ADU rules in Apex, NC β also called accessory dwelling unit regulations or granny flat ordinances β cover setbacks, owner-occupancy, parking, and permit requirements.
Apex UDO Sec. 4.5.6 permits one Accessory Apartment per single-family lot. Attached accessory apartments have no size limit. Detached accessory apartments are capped at 40 percent of the principal dwelling's heated square footage (50 percent or 1,000 sq ft, whichever is smaller, inside the Small Town Character Overlay District). Common ownership with the principal dwelling is required in residential zones.

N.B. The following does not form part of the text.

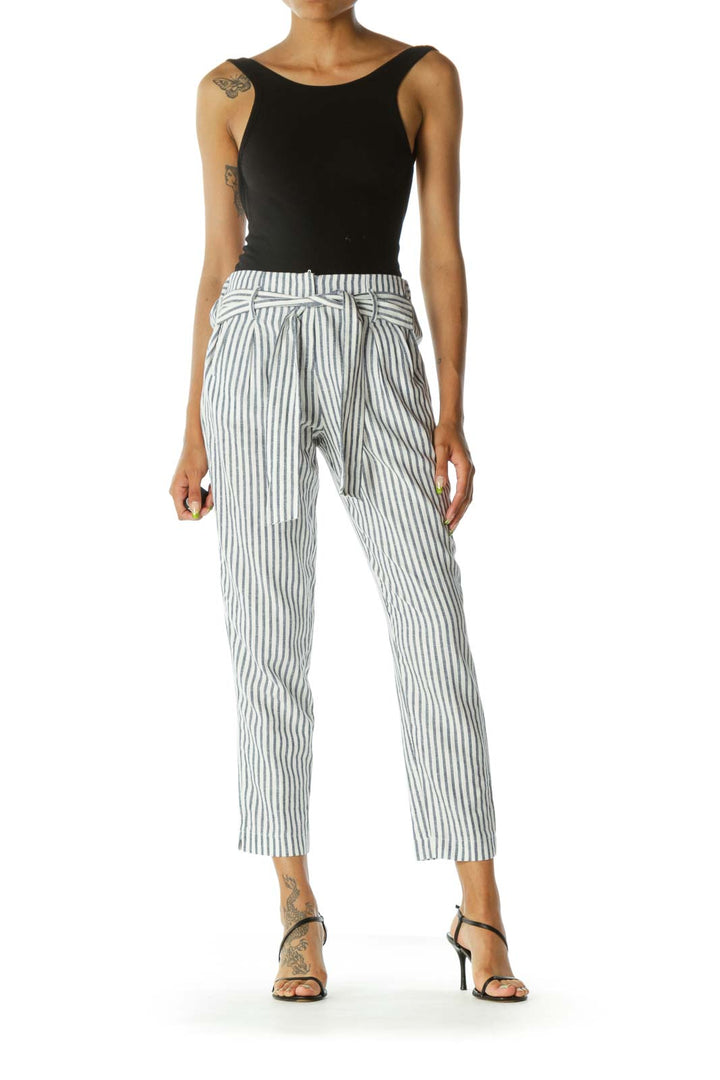 Blue Crean Striped Linen Pant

North Carolina has no statewide ADU mandate β HB 409 (2023) passed the House but died in the Senate and never became law.

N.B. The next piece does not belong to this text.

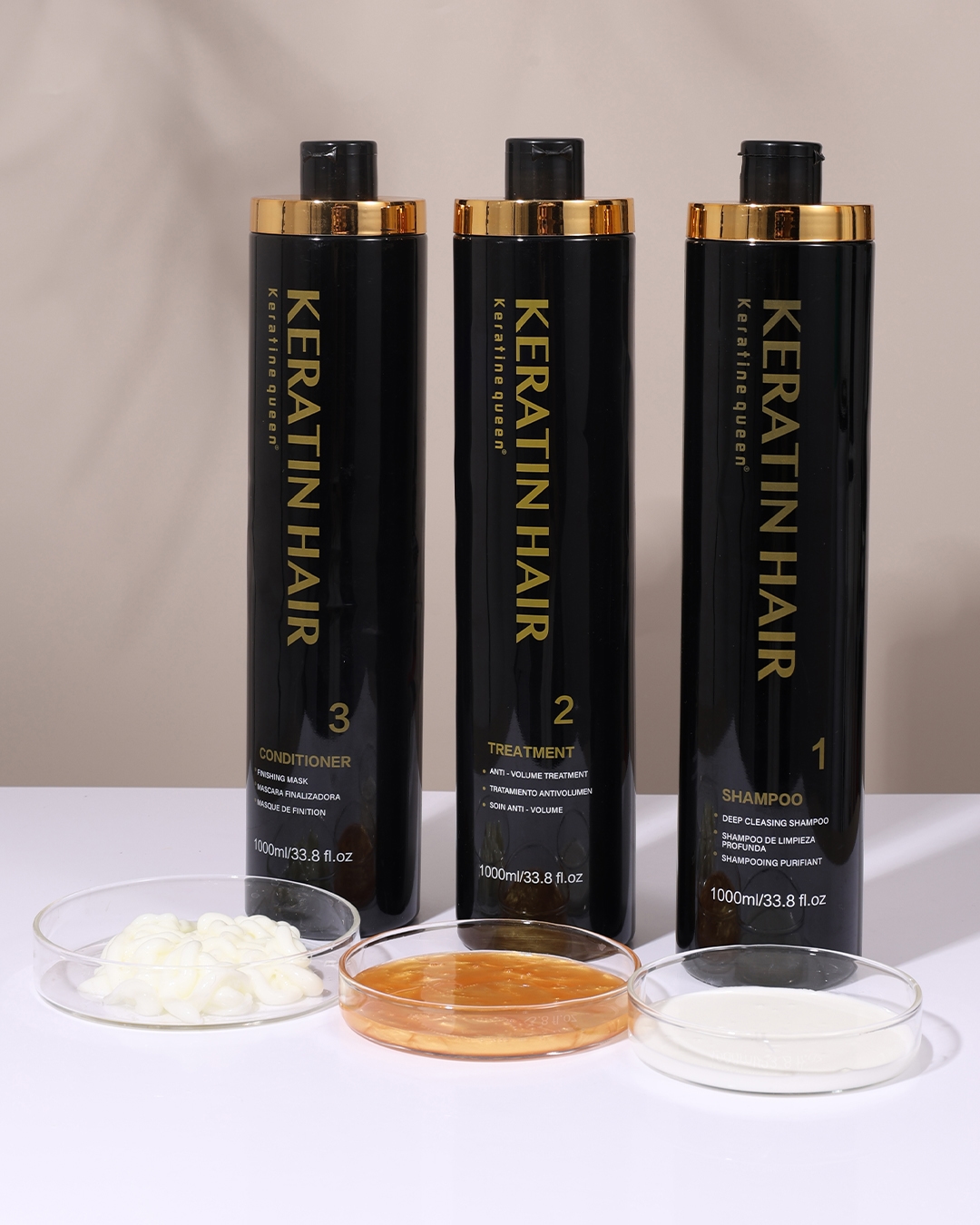 3-in-1 salon hair keratin treatment kit with 4% formaldehyde for repairing frizzy damaged hair & natural straightening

Apex UDO Sec. 4.5.6 (effective February 27, 2024) defines an Accessory Apartment as a secondary dwelling unit either (1) in or added to an existing single-family dwelling, (2) in an accessory structure on the same lot as the principal single-family dwelling, or (3) on all but the ground floor of a commercial use in B1 Neighborhood Business, B2 Downtown Business, MEC-CZ Major Employment Center, TND-CZ Traditional Neighborhood, PUD-CZ Planned Unit Development, MORR Mixed Office-Residential-Retail, or SD-CZ Sustainable Development Districts. The unit must be a complete, independent living facility with kitchen, sanitation, and sleeping provisions. Standards: (A) Number β maximum 1 accessory apartment per principal single-family dwelling; (B) Attached size β no limit; (C) Detached size β outside the Small Town Character Overlay District (STCOD), no larger than 40 percent of the principal dwelling's heated square footage; inside the STCOD, no larger than 50 percent of the principal heated square footage OR 1,000 heated square feet, whichever is smaller; (D) Similar Materials β must be substantially equivalent to the principal dwelling; (E) Compatible Character β must be compatible and subordinate in size; (F) Yard Setbacks β attached units comply with the underlying district's minimum yard setbacks; detached units comply with UDO Sec. 5.2.7 dimensional standards for detached accessory structures (5 ft side/rear minimum); (G) Ownership β in residential districts the accessory apartment must remain under the same ownership as the principal single-family dwelling (no separate sale); in B1, B2, MEC-CZ, PUD-CZ, SD-CZ, MORR, and TND-CZ districts, accessory units may be under separate ownership (effectively allowing condo-style sale). UDO Sec. 5.2.7.E specifically lists Accessory Apartments in the encroachment table β minimum 5 ft from side or rear property line for detached units. UDO Sec. 5.2.2.B.4 lists Accessory Apartments as 'None' for encroachments into the front setback (they must meet the full district front setback). Front-yard placement is generally prohibited; under Sec. 5.2.7.B.2, an accessory structure may only be in the front yard if at least 60 ft from the front property line. North Carolina has no statewide ADU enabling statute or preemption β HB 409 (Regulation of Accessory Dwelling Units) passed the House in April 2023 but died in the Senate Rules Committee without becoming law, leaving local control intact.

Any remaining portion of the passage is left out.